Program received signal SIGSEGV, Segmentation fault.
[Switching to Thread 0x7ffff57ff700 (LWP 17772)]
0x000055555563bc7c in js::rust::Rooted<T>.Drop::drop (self=0x7ffff57fe980) at src/rust.rs:337
337             assert!(*self.stack == mem::transmute(&*self));
(gdb) p self.stack
$1 = (struct Rooted<*mut libc::c_void> **) 0x1d1d1d1d1d1d1d1d
(gdb) p self
$2 = (struct Rooted<*mut js::jsapi_linux_64::JSObject> *) 0x7ffff57fe980
(gdb) p self._base
$3 = {_phantom0 = {<No data fields>}}
(gdb) p self.prev
$4 = (struct Rooted<*mut libc::c_void> *) 0x1d1d1d1d1d1d1d1d
(gdb) p self.ptr
$5 = (union JSObject *) 0x1d1d1d1d1d1d1d1d

We might want to check for 0x1d1d1d (I just added a commit to #226 that does it, and works) , but it feels a bit too hacky...

[Manishearth]

I think this won't work, since rust fills the dropped objects (even those marked with #[unsafe_no_drop_flag]) with 0x1d

Wait, what?

The point of unsafe_no_drop_flag is that you're manually tracking the drop state somewhere, which can be inline. Won't the drop fill interact badly with it? I'd expect it not to happen for unsafe_no_drop_flag.

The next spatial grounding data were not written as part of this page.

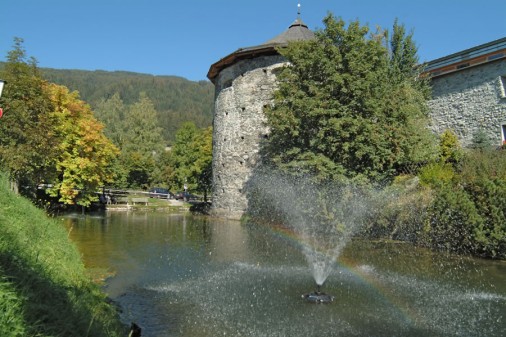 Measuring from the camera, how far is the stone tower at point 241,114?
2727cm

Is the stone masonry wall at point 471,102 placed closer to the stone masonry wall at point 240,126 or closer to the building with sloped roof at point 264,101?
the building with sloped roof at point 264,101

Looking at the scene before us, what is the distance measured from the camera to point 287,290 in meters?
9.44

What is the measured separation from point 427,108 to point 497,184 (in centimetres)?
1406

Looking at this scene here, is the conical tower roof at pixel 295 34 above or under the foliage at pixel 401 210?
above

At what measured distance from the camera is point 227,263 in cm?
1260

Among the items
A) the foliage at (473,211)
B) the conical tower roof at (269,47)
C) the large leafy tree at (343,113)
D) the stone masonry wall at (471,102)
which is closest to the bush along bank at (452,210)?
the foliage at (473,211)

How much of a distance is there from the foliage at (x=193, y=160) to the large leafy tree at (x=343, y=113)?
2203 cm

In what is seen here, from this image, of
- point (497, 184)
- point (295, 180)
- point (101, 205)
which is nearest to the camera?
point (497, 184)

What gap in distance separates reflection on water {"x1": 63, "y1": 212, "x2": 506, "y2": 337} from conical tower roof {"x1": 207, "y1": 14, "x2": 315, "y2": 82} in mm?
15059

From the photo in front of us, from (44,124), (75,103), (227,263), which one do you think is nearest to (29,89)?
(44,124)

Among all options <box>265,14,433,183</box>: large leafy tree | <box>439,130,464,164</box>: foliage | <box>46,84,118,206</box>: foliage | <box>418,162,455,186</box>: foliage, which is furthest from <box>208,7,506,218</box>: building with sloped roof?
<box>46,84,118,206</box>: foliage

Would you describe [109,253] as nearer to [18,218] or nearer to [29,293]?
[18,218]

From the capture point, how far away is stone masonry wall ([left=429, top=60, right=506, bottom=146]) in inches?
936

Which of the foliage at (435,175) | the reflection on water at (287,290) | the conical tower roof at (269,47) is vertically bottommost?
the reflection on water at (287,290) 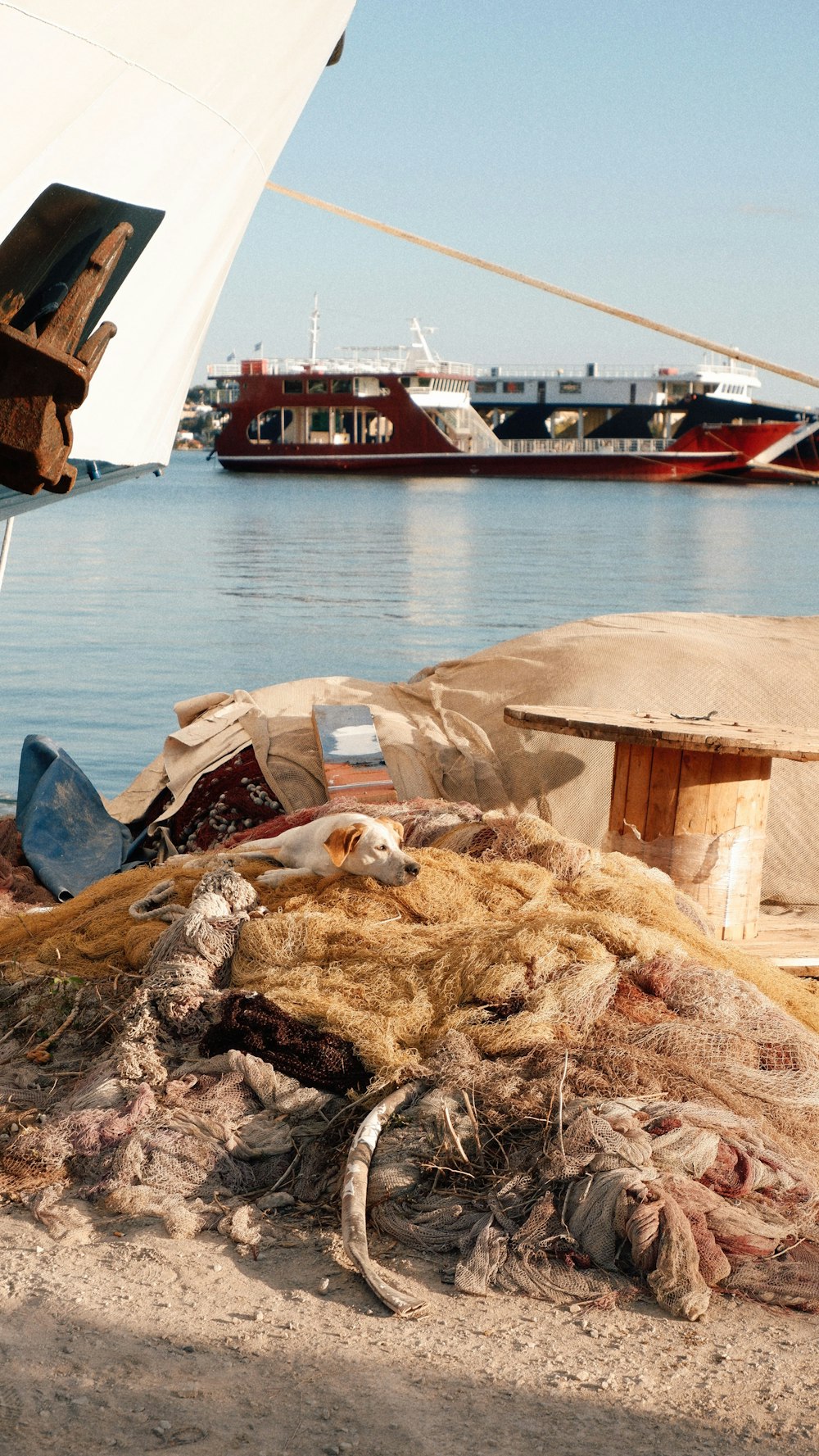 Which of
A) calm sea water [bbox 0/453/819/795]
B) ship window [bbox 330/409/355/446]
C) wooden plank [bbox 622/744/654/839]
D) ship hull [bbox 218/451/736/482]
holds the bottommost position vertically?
calm sea water [bbox 0/453/819/795]

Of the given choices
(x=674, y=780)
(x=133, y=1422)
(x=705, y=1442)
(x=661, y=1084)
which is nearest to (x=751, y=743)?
(x=674, y=780)

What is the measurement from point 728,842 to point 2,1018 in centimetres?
306

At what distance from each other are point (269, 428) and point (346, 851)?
79581 mm

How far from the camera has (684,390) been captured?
86.7 m

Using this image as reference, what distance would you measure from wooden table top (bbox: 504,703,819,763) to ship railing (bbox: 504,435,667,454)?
79476mm

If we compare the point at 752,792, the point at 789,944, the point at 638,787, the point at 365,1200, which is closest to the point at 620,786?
the point at 638,787

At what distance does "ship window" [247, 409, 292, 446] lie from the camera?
8056 cm

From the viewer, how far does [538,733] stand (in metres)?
7.85

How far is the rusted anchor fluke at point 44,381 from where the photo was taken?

@asajeffrey was working with this attribute, maybe he knows how drop fill interacts with it.

[emilio]

@Manishearth My fault, seems that the filling is done when contained in ForOfIterator (that in my experiment had no #[unsafe_no_drop_flag]). Adding that to ForOfIterator too in my patch would suffice, but we'll have to be careful when containing Rooteds in other structs (if that can be the case).

Example: https://play.rust-lang.org/?gist=517c053e0daf7b56e6b9&version=nightly

[nox]

See michaelwu/rust-bindgen#7 for another take at this.

[nox]

@michaelwu What's blocking this now that it is rebased and that your fork of bindgen adds such drop flags?

[michaelwu]

Does it work? Did we have to switch to checking for the poison instead of null? Also, I assume you've verified that bindgen does in fact remove the drop flag for these structs.